Challenging films often pay off in ways that you can expect. You go into a film thinking that the subject matter will be titillating, even shocking, and you walk out with a sense of relief in knowing that you got exactly what you bargained for. That is not the case with Elle.
The new film from controversial filmmaker, Paul Verhoeven, is an adaptation of Philippe Djian’s French novel, Oh, and stars the inimitable Isabelle Huppert.
The story follows a successful entrepreneur, Michèle, who is attacked and violently raped in her home by a masked man. It is a film about identity, violence, body possession, and personal responsibility, and it’s a fucking doozy.
Michèle is successful in her career, but she’s desperately trying to live down a heinous crime her father committed when she was young, and in which she was partially implicated. She’s also trying to manage her mother’s eccentric relationship with aging, and her son’s complete abandon of all reason as he, too, becomes a parent. When she’s raped, her perfectly crafted world begins to deteriorate. She’s frightened, even though she handles the incident with a blasé faire that is at once alarming and completely intriguing. As she grows closer to discovering the identity of her attacker, her days become fraught with minor disasters, each resulting major life changing decisions that she could have never imagined.
This is Verhoeven’s first film in ten years – and his first ever film in the French language – and this director’s return to form has never been more exciting. He masterfully assembles a complex tale interwoven with extreme sexuality and brutal violence, and yet also a story about a family’s journey together, post-divorce. With these characters, we explore the intricate balances they face with infidelity, raising a child, friendship, and also what it means to be responsible for one’s own actions. It’s also wildly humorous.
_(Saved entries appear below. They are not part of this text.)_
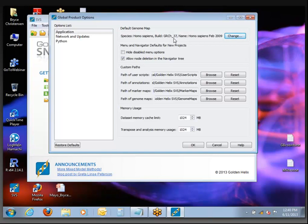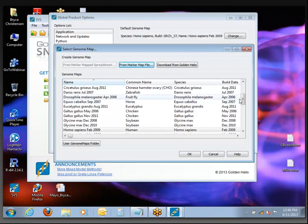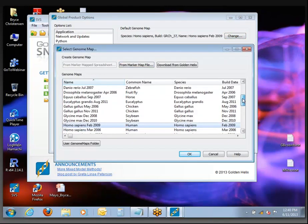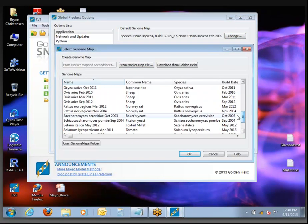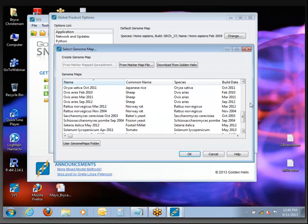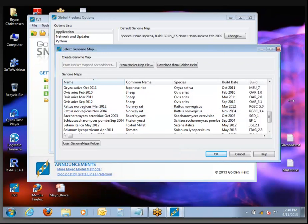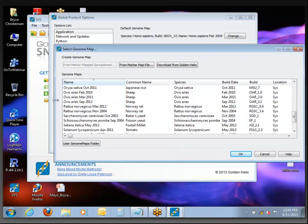Do we have anyone working with model organisms or non-human? Rob, you said you're working with mice and rats. I believe you'll find mice and rat genomes are available in here — there's Rattus norvegicus. There are two different versions of the rat genome that we currently support.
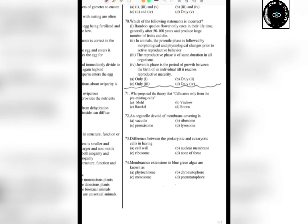In 1838-39, Schleiden and Schwann were two scientists who proposed that plants have plant cells and animals have animal cells, and every living thing is made of cells. But one thing about cell theory that was not covered initially was addressed later.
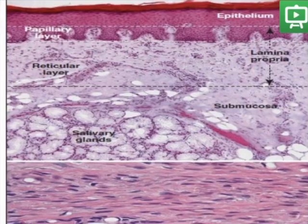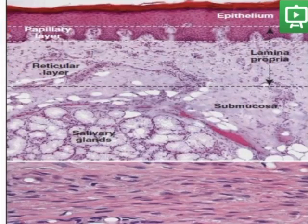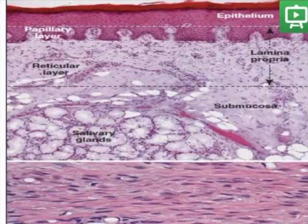The reticular layer contains bundles of loosely attached collagen fibers. Both layers are called lamina propria. The dense connective tissue underneath is the submucosa, which contains blood cells, nerve fibers, and minor salivary glands.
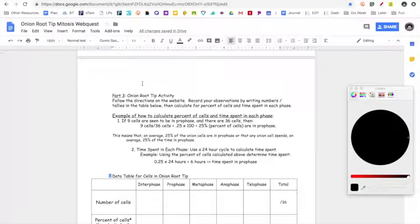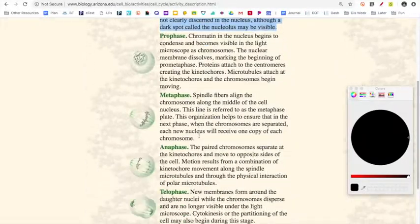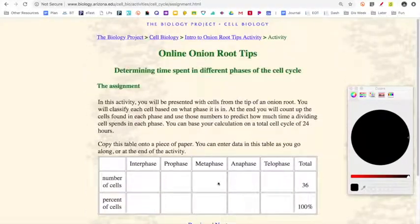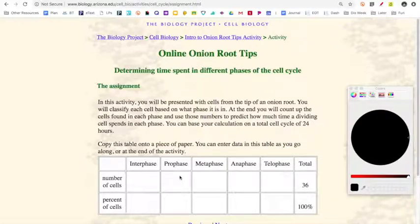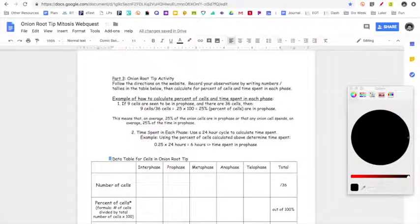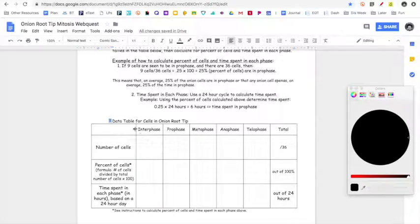In order to get to part three in the activity, you're going to have to click the next button down at the bottom. What this says is it's going to show you pictures of cells from the tip of an onion root, and you're going to classify each cell based on what phase it is — meaning you're going to put it in a bucket: interphase, prophase, metaphase, or anaphase. In order to do this, you're going to need this little table. You don't need to copy it down — I've made it for you.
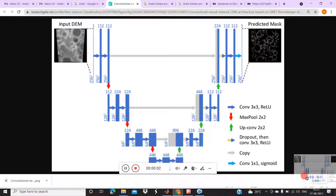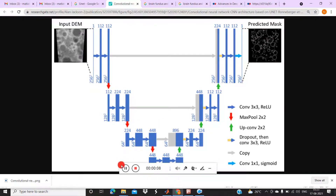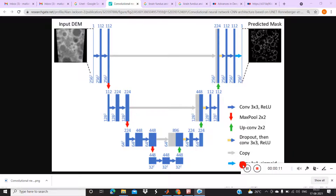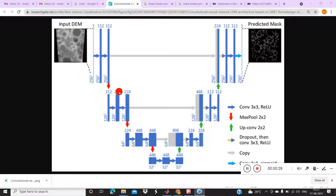Hi guys, today I am going to teach you how to do image segmentation using deep learning techniques in MATLAB. I will show you three different image models: brain tumor, fundus exudates, and liver segmentation. For all these image model segmentations we are using the U-Net, which is a segmentation model we can use for any image processing as well as medical image processing.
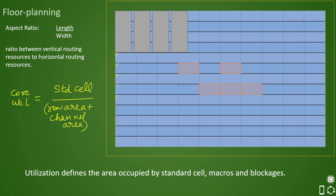In addition to rows, we also account for channel area inside the core. You can see the channel area here — every row is calculated, and then the channel area between rows is also included. For example, if there are four channels each of area x, the channel area becomes 4x. Adding the row area and the channel area gives the total placeable area available for placing standard cells.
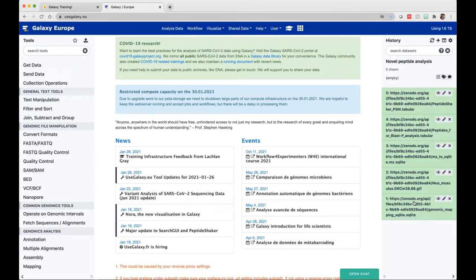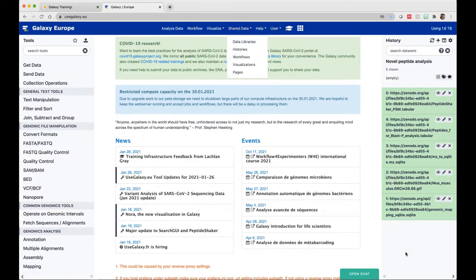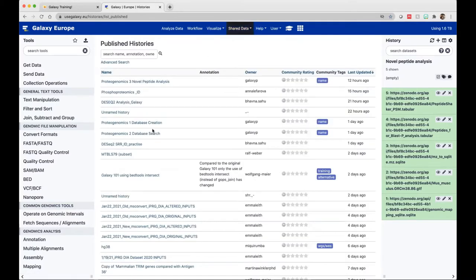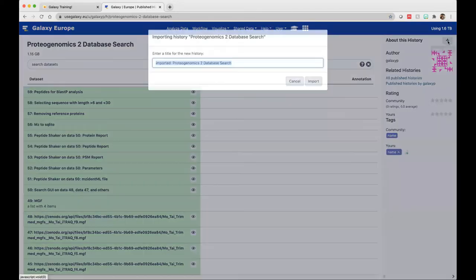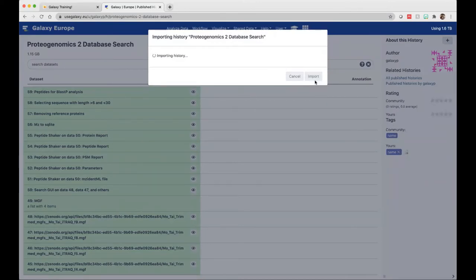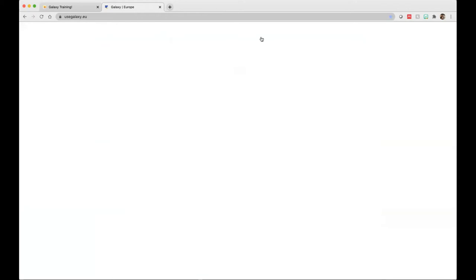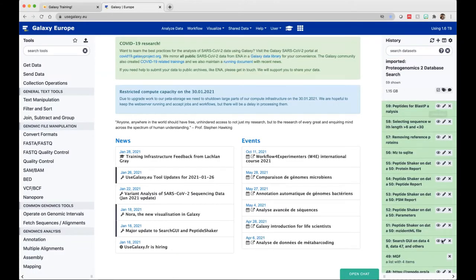If you have run the second workflow and have got an output, your history will be having more results. For the sake of running this third part of the tutorial, we have also shared histories. Go to shared histories, search for the Proteogenomics 2 database search, select it, and import history by clicking the plus sign. Once you do that, it will become your active history.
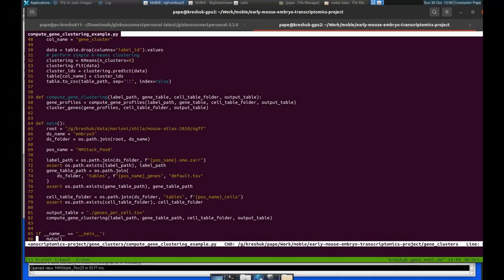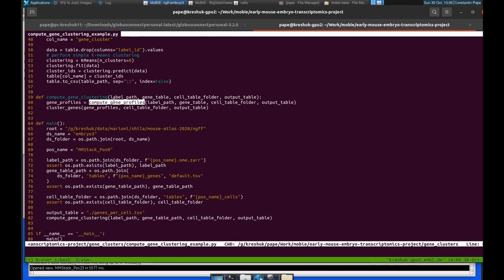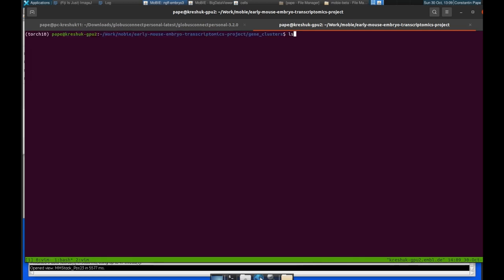So here we've swapped over to a terminal, and we're going to do some further analysis with Python. So the idea is we have this little function here, which will compute gene profiles, so it will count the number of gene expressions per cell, and then it will cluster genes. So it will take our cells and cluster them by that expression profile. So let's go ahead and run that.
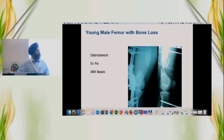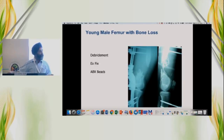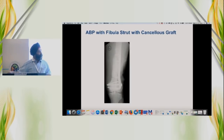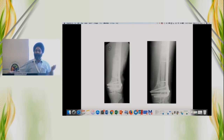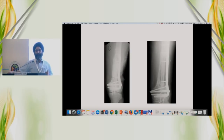Another young male with bone loss — debridement, spanning external fixator, antibiotic beads. Then a fibula was added along with cancellous bone graft. A few months down the line you can see consolidation of the medial cortex; the fibula is still standing proud. These are patients who will need protection for a very long time because fracture of the fibula and fracture of the graft is known. So don't be in a hurry to proceed further.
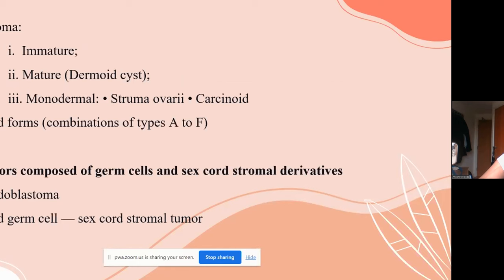Teratoma has three subtypes: immature, mature (also known as dermoid cyst), and monodermal — which can be struma ovarii or carcinoid. Mixed forms include combinations of any two or more of the above tumor types. Tumors composed of germ cells and sex cord-stromal derivatives are called gonadoblastoma.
As Michèle, Isabelle Huppert is at the top of her craft. She’s always compelling, even in her less interesting roles, but here she creates a character at odds with herself – and the audience – and yet is endlessly likable. As a career-minded, sexually-driven, middle aged woman with so much grief to bear, her complexities run deep, and it shows. Huppert embodies Michèle in such an effortless, distilled way that you can’t help but love her, and root for her – even when she isn’t being the nicest or most sane person. When you watch Elle, you are watching two masters – director and actor – at work.
If anyone wants to debate the FACT that Elle is the best movie of the festival, find me on the #FantasticFest patio tonight after 11pm.